»»

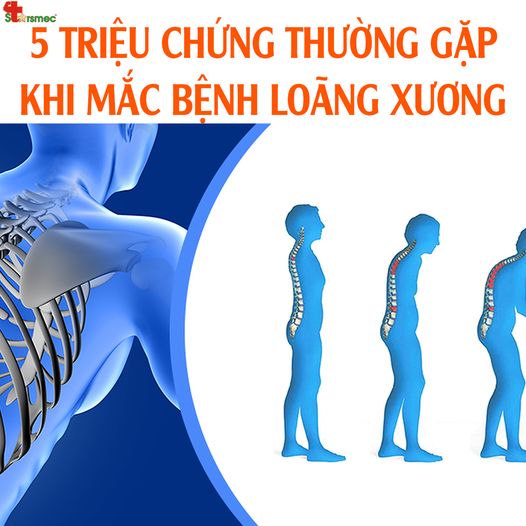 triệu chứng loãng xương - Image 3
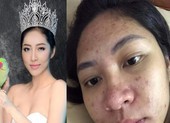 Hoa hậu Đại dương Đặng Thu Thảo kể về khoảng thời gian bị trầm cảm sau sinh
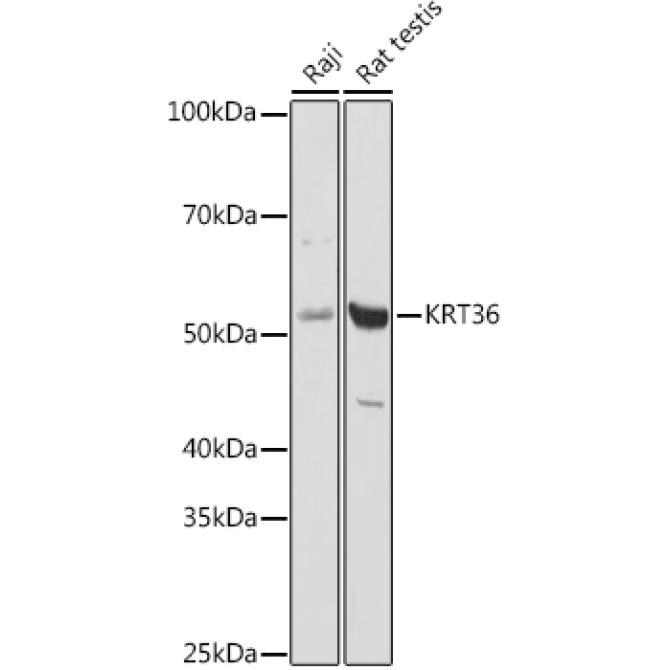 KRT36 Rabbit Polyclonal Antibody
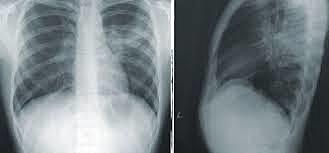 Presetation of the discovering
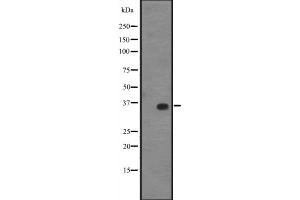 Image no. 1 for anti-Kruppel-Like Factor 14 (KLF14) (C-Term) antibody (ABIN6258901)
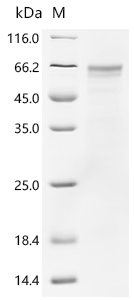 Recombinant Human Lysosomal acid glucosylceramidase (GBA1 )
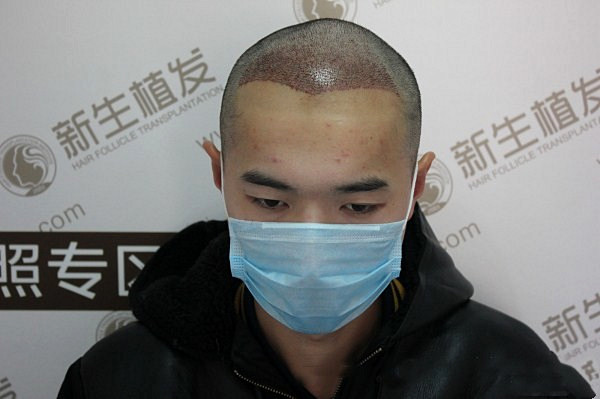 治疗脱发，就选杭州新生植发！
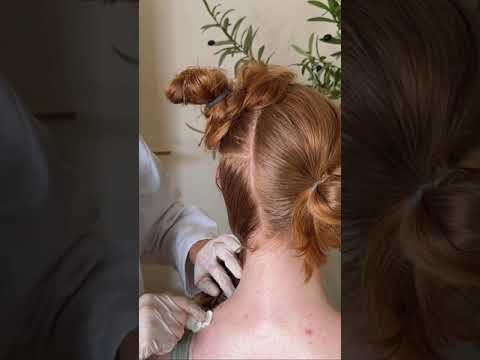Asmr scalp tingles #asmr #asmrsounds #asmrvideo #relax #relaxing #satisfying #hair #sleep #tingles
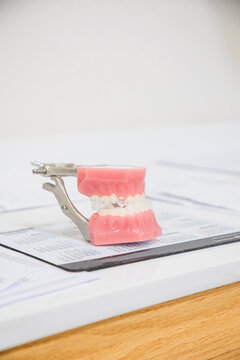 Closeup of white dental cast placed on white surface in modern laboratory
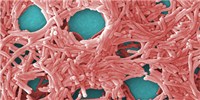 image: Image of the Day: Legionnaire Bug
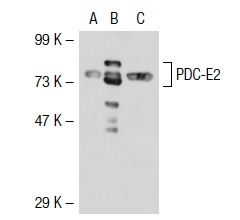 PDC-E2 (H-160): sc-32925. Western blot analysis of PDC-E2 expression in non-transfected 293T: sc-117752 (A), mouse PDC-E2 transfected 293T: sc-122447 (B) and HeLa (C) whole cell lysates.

««

- [Exercise]
Repeat every line of the data above exactly, but drop the pictures.

- [Solution for this problem]
 triệu chứng loãng xương - Image 3
 Hoa hậu Đại dương Đặng Thu Thảo kể về khoảng thời gian bị trầm cảm sau sinh
 KRT36 Rabbit Polyclonal Antibody
 Presetation of the discovering
 Image no. 1 for anti-Kruppel-Like Factor 14 (KLF14) (C-Term) antibody (ABIN6258901)
 Recombinant Human Lysosomal acid glucosylceramidase (GBA1 )
 治疗脱发，就选杭州新生植发！
Asmr scalp tingles #asmr #asmrsounds #asmrvideo #relax #relaxing #satisfying #hair #sleep #tingles
 Closeup of white dental cast placed on white surface in modern laboratory
 image: Image of the Day: Legionnaire Bug
 PDC-E2 (H-160): sc-32925. Western blot analysis of PDC-E2 expression in non-transfected 293T: sc-117752 (A), mouse PDC-E2 transfected 293T: sc-122447 (B) and HeLa (C) whole cell lysates.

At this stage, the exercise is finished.